→ WHAT THE TASK REQUIRES
What you produce should be an exact transcription of the data, minus any pictures.

→ INFORMATION PROVIDED
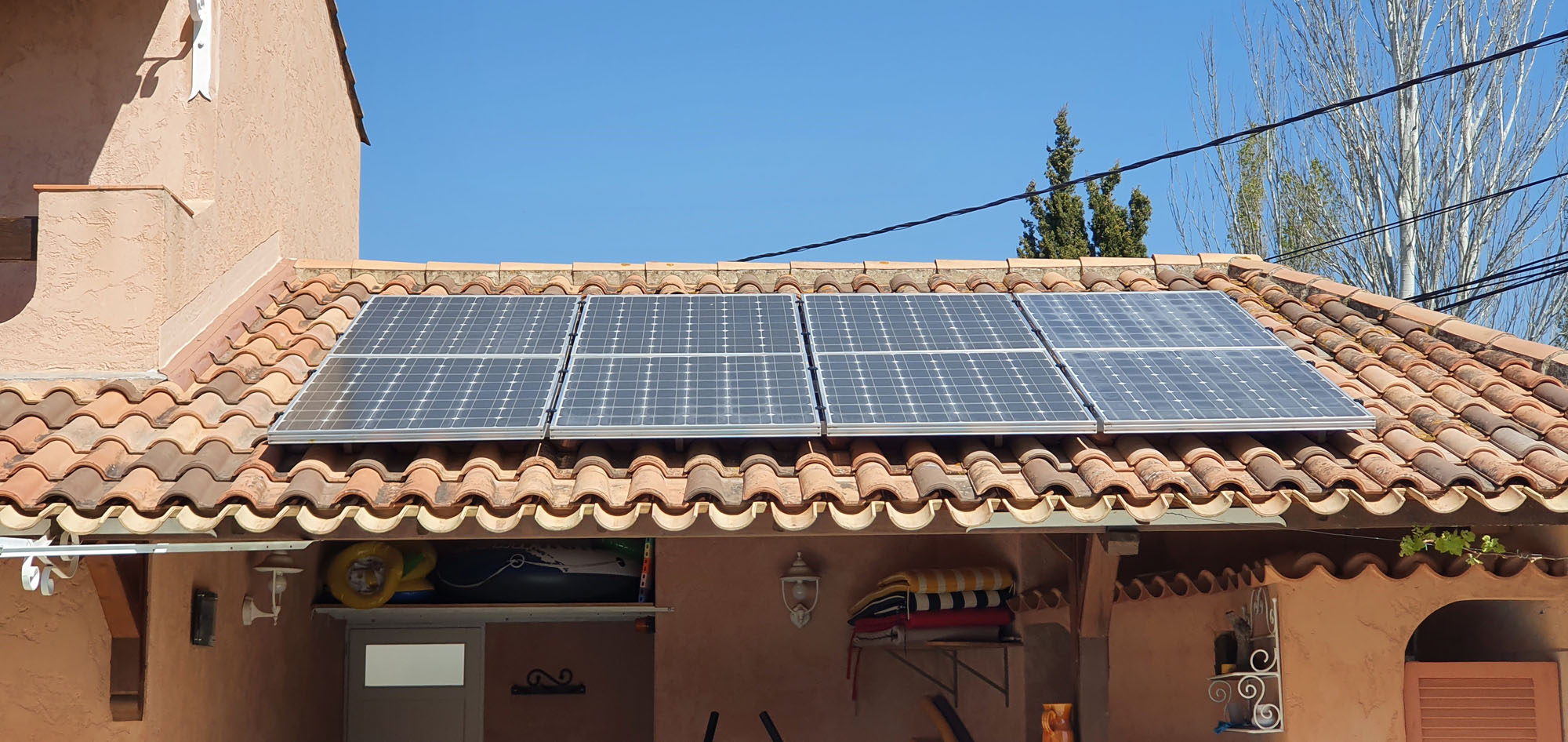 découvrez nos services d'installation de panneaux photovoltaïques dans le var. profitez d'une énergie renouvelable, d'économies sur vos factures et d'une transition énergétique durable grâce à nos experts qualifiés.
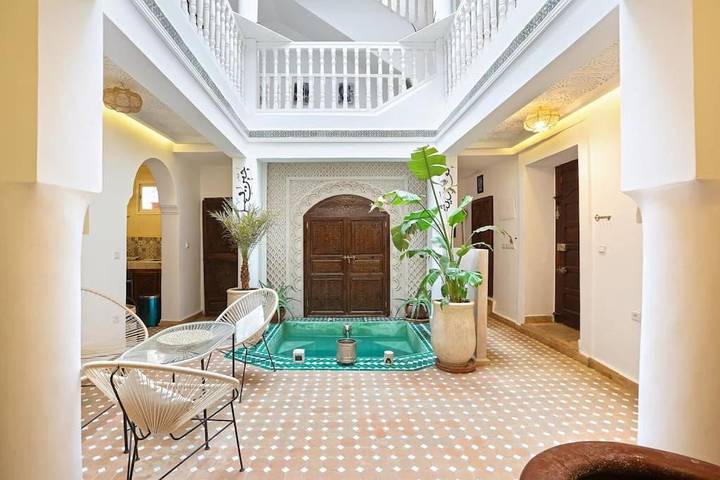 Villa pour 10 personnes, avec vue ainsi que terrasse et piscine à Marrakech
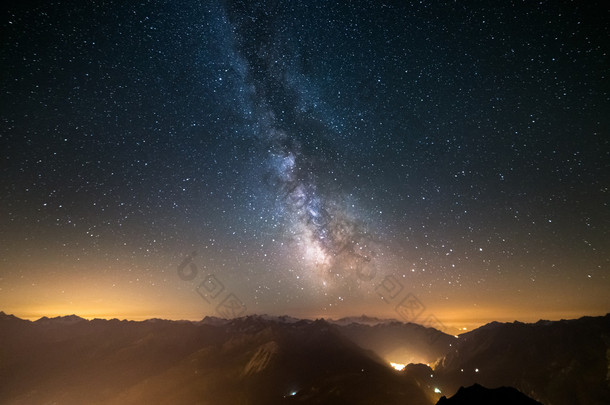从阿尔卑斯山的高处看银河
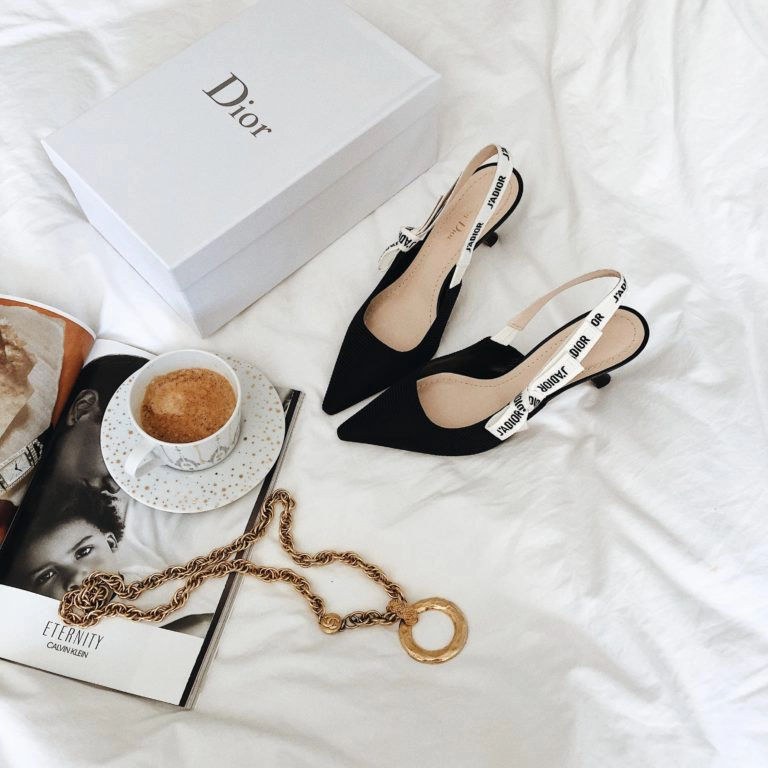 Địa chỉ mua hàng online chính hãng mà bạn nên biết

→ RESULT OF THE TASK
 découvrez nos services d'installation de panneaux photovoltaïques dans le var. profitez d'une énergie renouvelable, d'économies sur vos factures et d'une transition énergétique durable grâce à nos experts qualifiés.
 Villa pour 10 personnes, avec vue ainsi que terrasse et piscine à Marrakech
从阿尔卑斯山的高处看银河
 Địa chỉ mua hàng online chính hãng mà bạn nên biết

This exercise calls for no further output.